The most impactful driver for law firm pricing isn’t the firm’s cost of doing business. It’s the value the client places on certain tasks or outcomes. Having a clear understanding of the value of these tasks and a quality scorecard for doing these tasks well allows law department buyers to identify, evaluate, and select law firms on a more objective basis. Having a clear understanding of the client’s perceived value of these tasks and the client’s scorecard for measuring quality allows the law firm to embrace fixed or value pricing, and to pursue efficiencies while maintaining, if not significantly growing, profits. Law firm profits in the old days came from doing more for more. Now, law firm profits come from doing something well, doing it with minimal variation, and by using the lowest-costs capable of doing the work so as to never compromise quality. It’s always been true, but in a continuous improvement world it’s clearly more advantageous to profit from experience than to profit from inefficiency.

The law department’s role in law firm pricing, then, is to establish clear values for various tasks, and even better to collaboratively establish best practices for how these tasks should be completed. This is hard work, much harder than simply pitting multiple law firms against each other in a competitive race to the lowest price without regard to how the services are delivered, or without knowing the differential value for doing it well vs. doing it poorly. It requires true collaboration, not the artificial kind found in numerous RFPs, in which in-house counsel and their procurement counterparts pose dozens of questions about the law firm’s capabilities without once describing the business challenge, the desired methodology for tackling the challenge, the perceived value or budget for resolving the issue, and the quality scorecard in place to measure performance.

Getting there from here

Law firm pricing is generally regarded as a one-sided affair, with the client demanding ever-lower rates, and the law firm valiantly trying to protect its revenue streams. In any efficient market, the buyer establishes the price to be paid based on the value delivered, while the seller establishes its profit margin by delivering value at a low cost based on its experience. In the legal marketplace, the buyers have as much responsibility for achieving an efficient outcome as the sellers. Anyone armed with a spreadsheet can pursue formulaic discounts from a pre-defined list of “premier” law firms. Anyone can issue an RFP with the sole purpose of creating a blind auction in which sellers compete for low-cost provider status. It takes a business mind and a business mindset to instill a sense of continuous improvement, both in the law department where the desired outcome is value and quality metrics, and in the law firm where the desired outcome is healthy profits and quality delivery. It takes a collaborative approach for both to occur simultaneously. Done poorly, law departments risk hiring the wrong firms for the wrong tasks. Done well, law departments have every opportunity to shift from a corporate cost center to a department focused on business velocity. The latter is an investment that adds to the top and bottom line. The former is always a cost that dilutes the bottom line.
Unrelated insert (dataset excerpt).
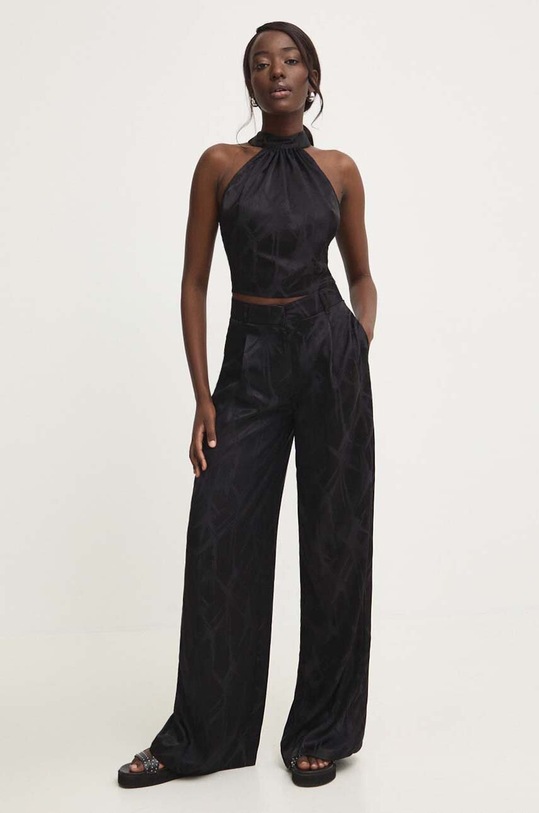 Answear.LAB top 6937.cz.TWK fekete WZ24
Next steps for law departments

  • Establish a continuous improvement mindset and culture. Draw on corporate process improvement and change management resources, or bring in external advisers to help you design and kick start a program.
  • Focus your efforts away from finding less expensive ways to do things poorly and inefficiently and toward the DMAIC approach to establishing best practices and quality scorecards. Do this collaboratively with your trusted law firms.
  • Once quality metrics are established, unlock the value of the growing legal operations role by creating frameworks for making informed build (hire in-house staff) vs. buy (outsource to law firms or alternative providers) decisions.
  • For outsourced work, use the quality metrics to establish frameworks for identifying, evaluating, and selecting the appropriate law firms based on demonstrated expertise, and for measuring and sharing law firm performance on an ongoing basis. Eliminate RFPs that focus solely on cost, unless quality is inconsequential. Eliminate shadow billing and other superfluous metrics that provide no insight into quality.

Next steps for law firms

  • Establish a continuous improvement mindset and culture. Don’t dabble in project management, process improvement, and alternative pricing by treating them as necessary evils to be quarantined. Go all in to establish an economic model that generates profits from experience, differentiates the firm by proving expertise rather than relying solely on brand strength or other proxies, and creates greater client loyalty.
  • If you don’t have them already, hire a pricing professional and a project management/process improvement executive. These roles and duties are interchangeable at about the same rate as litigators and transactional lawyers. Hire specialized expertise and then let them lead the charge.
  • Proactively pursue collaborative DMAIC projects with key clients. Don’t wait to be called. Assume that all practices and all clients are at risk, even if there are no warning signs (there are, you’ve just missed them).
  • Convene the leadership team and develop a multi-year, multi- faceted investment plan to address, in a coordinated manner, the inter-related aspects of service delivery, pricing, compensation, metrics, management training, recruiting, succession planning, client feedback, and practice strategy. You won’t be able to tackle all at once. But if you fail to have a coordinated plan to tackle it all eventually, your efforts will be slowed, and your results will be diluted.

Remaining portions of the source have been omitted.